I just wanted to directly calculate the value of the number $2^{3.1}$ as I was wondering how a computer would do it. I've done some higher mathematics, but I'm very unsure of what I would do to solve this algorithmically, without a simple trial and error.
I noted that
$$ 2^{3.1} = 2^{3} \times 2^{0.1} $$
So I've simplified the problem to an "integer part" (which is easy enough) : $2^3 = 2\times 2\times 2$, but I'm still very confused about the "decimal part". I also know that :
$$ 2^{0.1} = e^{0.1\log{2}} $$
But that still presents a similar problem, because you'd need to calculate another non-integer exponent for the natural exponential. As far as I can see, the only way to do this is to let:
$$2^{0.1}=a $$
And then trial and error with some brute force approach (adjusting my guess for a as I go). Even Newton's method didn't seem to give me anything meaningful.
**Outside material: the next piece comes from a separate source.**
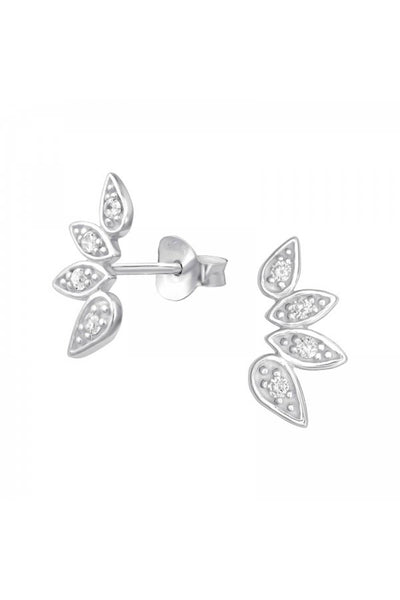 Sterling Silver Leaf Ear Studs With Cubic Zirconia - SS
Does anybody have any idea how we could calculate this with some working algorithm?
Start with:
$$2^{3.1} = 2^3 2^{0.1} = 2^3 e^{0.1 \log{2}}$$
Now use a Taylor expansion, so that the above is approximately
$$2^3 \left [1+0.1 \log{2} + \frac{1}{2!} (0.1 \log{2})^2 + \frac{1}{3!} (0.1 \log{2})^3+\cdots + \frac{1}{n!} (0.1 \log{2})^n\right ] $$
wheer $n$ depends on the tolerance you require. In this case, if this error tolerance is $\epsilon$, then we want
$$\frac{1}{(n+1)!} (0.1 \log{2})^{n+1} \lt \epsilon$$
For example, if $\epsilon=5 \cdot 10^{-7}$, then $n=4$.